1. “In order for an injury to be compensable under the terms of the Workmen’s Compensation Act, it must have been occasioned ‘by accident arising out of and in the course of the employment.’ Code, § 114-102. An accident arises in the course of the employment, within the meaning of the act, ‘when it occurs within the period of the employment, at a place where the employee reasonably may be in the performance of his duties, and while he is fulfilling those duties or engaged in doing something incidental thereto. . . An accident arises “out of” the employment when it arises because of it, as when the employment is a contributing, proximate cause. This and the conditions stated above must concur before the act can apply.’ New Amsterdam Casualty Co. v. Sumrell, 30 Ga. App. 682 (2, a) (118 S. E. 786); Keen v. New Amsterdam Casualty Co., 34 Ga. App. 257 (129 S. E. 174); Bibb Mfg. Co. v. Alford, 51 Ga. App. 237 (179 S. E. 912).” Employers Liability Assurance Corp. v. Woodward, 53 Ga. App. 778 (187 S. E. 142).
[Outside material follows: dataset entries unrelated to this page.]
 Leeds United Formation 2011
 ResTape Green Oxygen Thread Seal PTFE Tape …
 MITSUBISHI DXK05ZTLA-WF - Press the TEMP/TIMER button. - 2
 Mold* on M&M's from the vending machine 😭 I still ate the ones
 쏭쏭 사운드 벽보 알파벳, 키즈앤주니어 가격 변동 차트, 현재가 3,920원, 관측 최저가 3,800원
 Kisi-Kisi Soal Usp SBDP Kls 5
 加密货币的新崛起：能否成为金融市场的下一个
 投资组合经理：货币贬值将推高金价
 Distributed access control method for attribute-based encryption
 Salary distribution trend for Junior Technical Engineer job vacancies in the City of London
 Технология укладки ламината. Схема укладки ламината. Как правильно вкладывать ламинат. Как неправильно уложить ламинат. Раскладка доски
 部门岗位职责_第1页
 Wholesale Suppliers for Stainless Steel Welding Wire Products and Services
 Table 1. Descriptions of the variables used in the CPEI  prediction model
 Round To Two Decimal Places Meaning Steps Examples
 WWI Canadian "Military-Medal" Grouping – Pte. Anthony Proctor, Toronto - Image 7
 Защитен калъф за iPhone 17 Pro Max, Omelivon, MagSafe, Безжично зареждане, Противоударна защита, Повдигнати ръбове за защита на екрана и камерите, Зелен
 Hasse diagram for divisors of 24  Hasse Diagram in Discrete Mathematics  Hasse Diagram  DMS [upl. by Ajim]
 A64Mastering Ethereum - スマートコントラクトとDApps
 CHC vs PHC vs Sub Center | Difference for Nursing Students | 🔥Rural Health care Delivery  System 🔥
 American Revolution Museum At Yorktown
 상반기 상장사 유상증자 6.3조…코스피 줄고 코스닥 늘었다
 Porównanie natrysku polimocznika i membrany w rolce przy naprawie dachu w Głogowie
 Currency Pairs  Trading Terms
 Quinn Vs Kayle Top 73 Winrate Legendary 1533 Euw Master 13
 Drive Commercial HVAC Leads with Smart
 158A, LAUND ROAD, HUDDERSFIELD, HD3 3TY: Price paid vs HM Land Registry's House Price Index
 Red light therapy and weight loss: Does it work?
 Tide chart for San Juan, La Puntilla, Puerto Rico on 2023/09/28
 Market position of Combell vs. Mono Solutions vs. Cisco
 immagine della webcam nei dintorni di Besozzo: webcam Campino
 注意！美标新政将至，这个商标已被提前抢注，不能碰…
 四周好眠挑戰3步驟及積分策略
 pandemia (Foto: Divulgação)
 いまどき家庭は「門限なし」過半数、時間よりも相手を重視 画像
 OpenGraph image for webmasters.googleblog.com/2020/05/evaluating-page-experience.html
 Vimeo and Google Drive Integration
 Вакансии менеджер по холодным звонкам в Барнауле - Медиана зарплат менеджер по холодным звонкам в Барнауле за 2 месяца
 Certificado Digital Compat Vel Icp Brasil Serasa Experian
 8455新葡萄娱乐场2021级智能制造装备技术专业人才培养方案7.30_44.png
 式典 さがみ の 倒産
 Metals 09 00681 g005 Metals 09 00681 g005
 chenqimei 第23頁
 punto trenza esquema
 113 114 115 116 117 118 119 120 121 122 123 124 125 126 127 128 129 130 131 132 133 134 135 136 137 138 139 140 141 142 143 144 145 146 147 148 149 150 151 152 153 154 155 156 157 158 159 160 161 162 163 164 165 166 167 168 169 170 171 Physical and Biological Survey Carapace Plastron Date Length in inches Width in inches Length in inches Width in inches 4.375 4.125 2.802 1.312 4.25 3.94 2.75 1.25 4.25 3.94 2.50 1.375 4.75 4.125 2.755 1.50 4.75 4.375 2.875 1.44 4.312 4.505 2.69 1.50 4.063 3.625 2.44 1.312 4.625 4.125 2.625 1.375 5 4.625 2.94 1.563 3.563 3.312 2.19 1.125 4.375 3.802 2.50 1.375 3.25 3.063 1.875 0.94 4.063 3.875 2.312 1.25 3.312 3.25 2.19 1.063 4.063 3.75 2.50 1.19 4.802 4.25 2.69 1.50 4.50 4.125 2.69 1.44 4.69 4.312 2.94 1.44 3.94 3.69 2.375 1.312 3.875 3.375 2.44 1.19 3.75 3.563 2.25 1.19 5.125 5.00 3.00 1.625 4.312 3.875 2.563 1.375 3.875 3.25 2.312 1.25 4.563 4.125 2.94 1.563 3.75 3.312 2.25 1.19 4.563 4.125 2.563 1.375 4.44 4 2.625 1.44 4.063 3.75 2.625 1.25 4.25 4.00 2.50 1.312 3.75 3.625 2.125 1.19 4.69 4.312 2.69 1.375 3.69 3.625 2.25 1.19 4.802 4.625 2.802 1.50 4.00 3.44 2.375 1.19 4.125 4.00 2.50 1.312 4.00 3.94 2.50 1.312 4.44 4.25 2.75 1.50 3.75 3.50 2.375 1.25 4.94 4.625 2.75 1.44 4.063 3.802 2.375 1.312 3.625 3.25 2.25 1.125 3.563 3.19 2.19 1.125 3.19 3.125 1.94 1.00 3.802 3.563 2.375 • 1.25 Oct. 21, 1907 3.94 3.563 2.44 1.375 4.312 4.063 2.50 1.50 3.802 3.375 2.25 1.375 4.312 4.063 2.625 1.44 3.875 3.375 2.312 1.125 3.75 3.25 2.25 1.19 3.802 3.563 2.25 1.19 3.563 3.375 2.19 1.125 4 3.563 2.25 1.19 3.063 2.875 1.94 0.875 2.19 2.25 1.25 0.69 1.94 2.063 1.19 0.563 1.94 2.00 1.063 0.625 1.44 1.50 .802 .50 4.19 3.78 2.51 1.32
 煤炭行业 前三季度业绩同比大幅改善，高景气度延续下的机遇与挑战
2. Upon an appeal to the superior court from any final award or any other final decision of the State Board of Workmen’s Compensation, the findings of fact made by the board within its power are, in the absence of fraud, conclusive and binding upon all the courts. Maryland Casualty Co. v. England, 160 Ga. 810, 812 (129 S. E. 75); Georgia Casualty Co. v. Martin, 157 Ga. 909, 915 (122 S. E. 881); Employers Liability Assurance Corp. v. Woodward, supra. The evidence was in sharp conflict upon the question of whether the claimant had suffered a heart attack (myocardial infarction) during the course of his employment which was occasioned by his performing one of his duties (carrying boxes of supplies from one floor to another in the building in which he worked). The claimant’s was the only testimony that he had suffered the heart attack while carrying the supplies up the stairs. Many of the details of his account of the occasion in question were categorically denied. The single director was authorized to discredit the claimant’s account of the cause of the heart attack and this court is unable to say as a matter of law that the single director erred in finding that the claimant’s illness did not arise out of and in the course of his employment.
The superior court did not err in affirming the judgment of the State Board of Workmen’s Compensation which affirmed the award of its single director denying compensation.
Judgment affirmed.
Gardner and Townsend, JJ., concur. William A. Thomas, for plaintiff. C. Baxter Jones Jr., Powell, G'oldstein, Frazer & Murphy, for defendants.